Pivot was an American former digital cable and satellite television network owned by Participant Media that aired programming that focused on social issues and activism. The channel, targeted at young adults between 18 and 34 years old, debuted on August 1, 2013. The channel ceased all operations on October 31, 2016.

== History ==
In December 2012, Participant Media acquired Halogen TV and the Documentary Channel. On March 27, 2013, it was announced that these channels would merge into a single channel, launching Pivot, described as a "disruptive TV" service, Pivot would focus on social advocacy. The channel would air on the space held by the aforementioned channels, giving Pivot an initial subscriber base of about 40 million cable and satellite television homes. The channel launched on August 1, 2013, at 6 a.m. with a rendition of the song that launched MTV 32 years earlier on August 1, 1981, "Video Killed the Radio Star" by The Buggles, by several indie music artists, followed by a brief introduction to Pivot by Participant Media founder Jeffrey Skoll, and the first program, the 2010 documentary ReGeneration.

With the launch, Pivot became the first television channel to offer broadband-only subscriptions that allows live streaming of the linear channel and video on demand offerings without requiring a subscription to a pay television service. It was later announced that NeuLion had been selected to design and deliver the new cable network's downloadable interactive app which allows Pivot's content to be delivered to multiple digital devices. It offered its entertainment programming, live and on-demand, to authenticated pay TV subscribers and broadband-only subscribers.

===Closure===
On August 17, 2016, Participant Media announced that the channel would close by early 2017, citing low ratings, small viewing audiences, and an overall discontinuation of producing television shows by Participant under current CEO David Linde; the channel's shut date was later confirmed to be on October 31. The channel officially closed at 6 a.m.
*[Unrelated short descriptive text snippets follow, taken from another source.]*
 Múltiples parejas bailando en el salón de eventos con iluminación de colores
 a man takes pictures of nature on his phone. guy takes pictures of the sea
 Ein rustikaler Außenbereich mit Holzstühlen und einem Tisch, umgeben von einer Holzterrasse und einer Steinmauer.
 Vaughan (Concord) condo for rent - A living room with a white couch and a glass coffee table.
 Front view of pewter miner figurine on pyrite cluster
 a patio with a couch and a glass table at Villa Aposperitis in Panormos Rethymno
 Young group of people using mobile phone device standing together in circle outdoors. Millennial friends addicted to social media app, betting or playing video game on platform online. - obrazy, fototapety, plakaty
EDT that morning; the last programs to air on the network were five consecutive airings of the film Good Night, and Good Luck starting at 8 p.m. on October 30 onward until the closure (the film choice was likely a nod to the final words spoken on one of Pivot's predecessors, Documentary Channel). During the split-screen credits of the last airing of the film on the channel, a commercial was shown showing the network's three-year history and thanking its viewers for watching (having been run over the last few weeks of the channel's broadcast) in place of a sign-off message; afterwards, the channel merely faded to black after the end of the film, shortly after replaced with a slide from the cable services notifying viewers of the closure.

== Programming ==
Programming seen on Pivot included original programs such as HitRecord on TV, a variety show hosted by series co-creator Joseph Gordon-Levitt, and the reality-based talk show Raising McCain, hosted by blogger and television host Meghan McCain. Will, a period drama about a young William Shakespeare, was also announced when the channel launched, but was mostly halted throughout the channel's run. The show ultimately aired one season on TNT in 2017. Pivot was also the American television home of the Australian comedy-drama Please Like Me, a show created and written by Josh Thomas, which had been co-produced by Pivot and the Australian Broadcasting Corporation for the second season.
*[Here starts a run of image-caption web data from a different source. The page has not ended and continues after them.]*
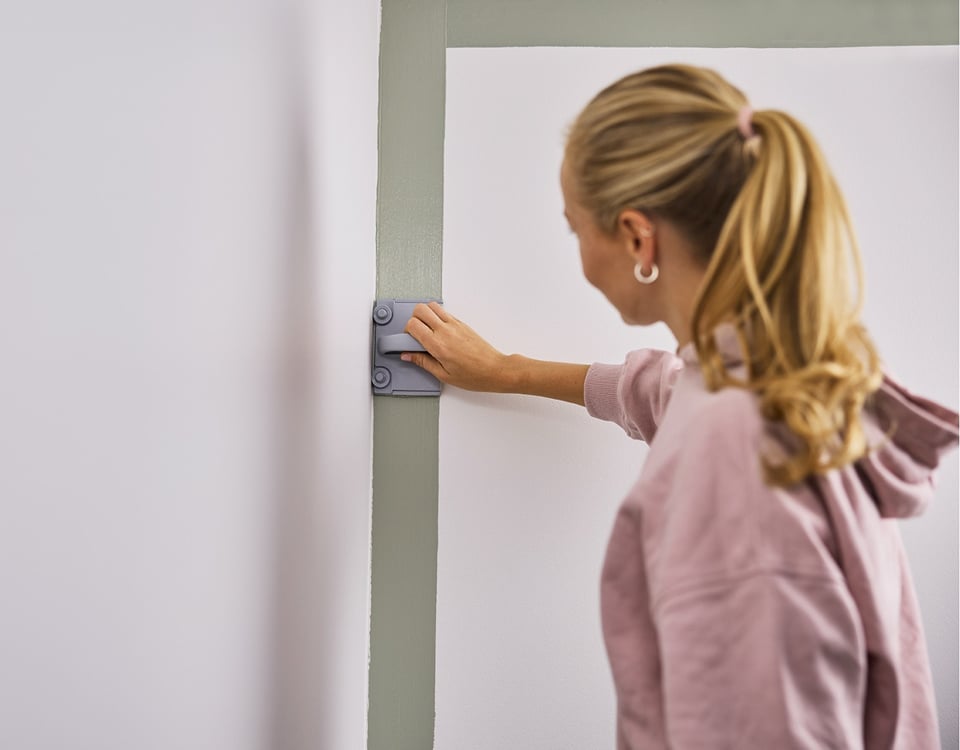 En dame som bruker Jotun Rolling Pad til å male veggen langs et hjørne.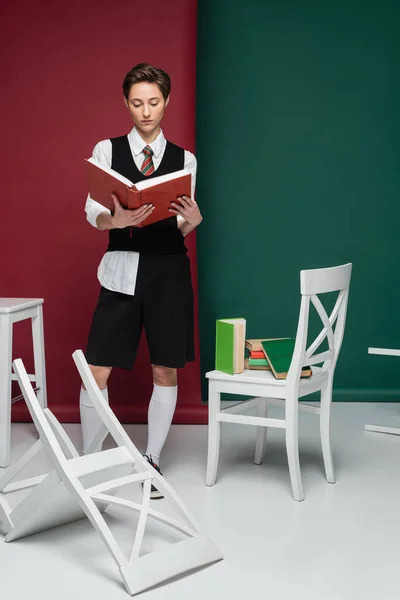 Comprimento total da jovem elegante com cabelo curto em pé perto de cadeiras e livro de leitura no fundo verde e vermelho — Fotografia de Stock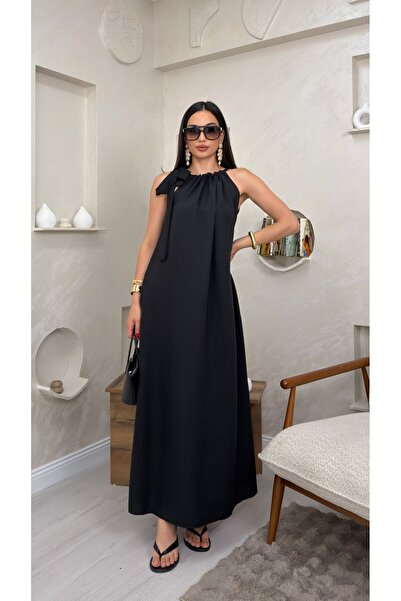 miraylawear FAYE SİYAH RENKLİ BOYUNDAN BAĞLAMALI SALAŞ TARZ KADIN MAXİ ELBİSE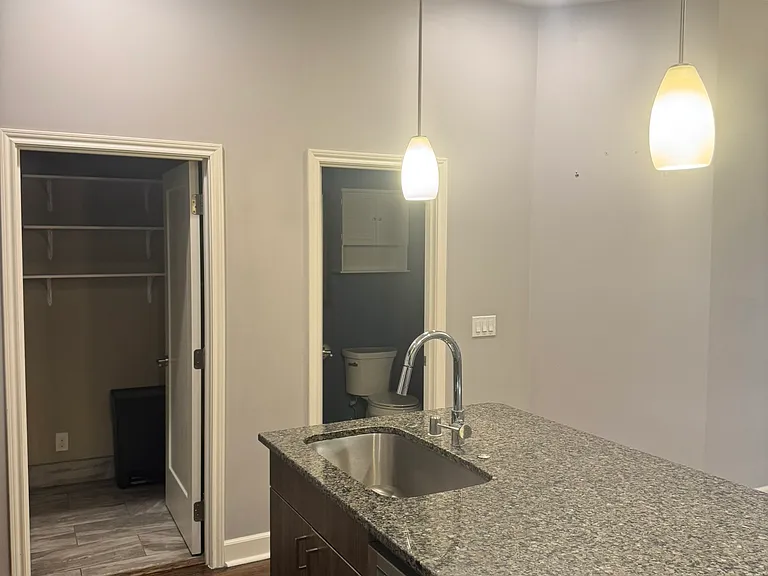 Kitchen with 1/2 bath and laundry/pantry.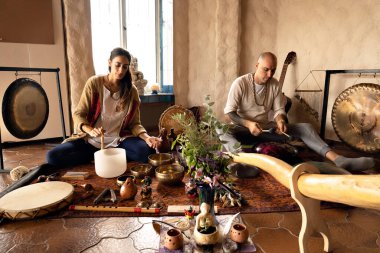 Kadın müzik kasesi çalıyor, erkek de melodik davul çalıyor, titreşim aletleri. Ses terapisi, alternatif tıp. Boşluğun negatif enerjiden temizlenmesi.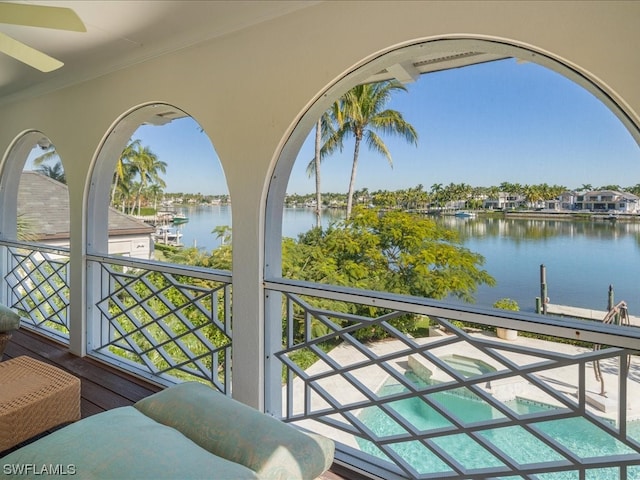 balcony featuring an in ground hot tub and a water view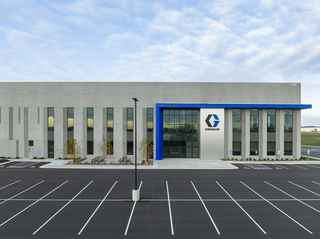 entrance of graco distribution center during the day with sky and parking lot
Other shows include Jersey Strong, a docusoap that chronicles the lives of two families from parallel universes, the late night current events talk show TakePart Live, hosted by Jacob Soboroff. Pivot also aired the anime series, C-Control, which premiered on October 5, 2013. It was Pivot's only anime program, but the series originally premiered in America on the Funimation Channel in January 2013. On January 29, 2015, Pivot premiered the UK series, Fortitude, on the same date as Sky Atlantic.

In 2014, Pivot premiered Human Resources, a reality television series providing a behind-the-scenes and at times humorous look at day-to-day operations at TerraCycle headquarters.

Other programs seen on the channel included acquired shows such as Buffy the Vampire Slayer, Farscape, Friday Night Lights, Little Mosque on the Prairie, The Operatives, Veronica Mars, and live programs and documentaries produced in partnership with Rolling Stone and Noticias Univision.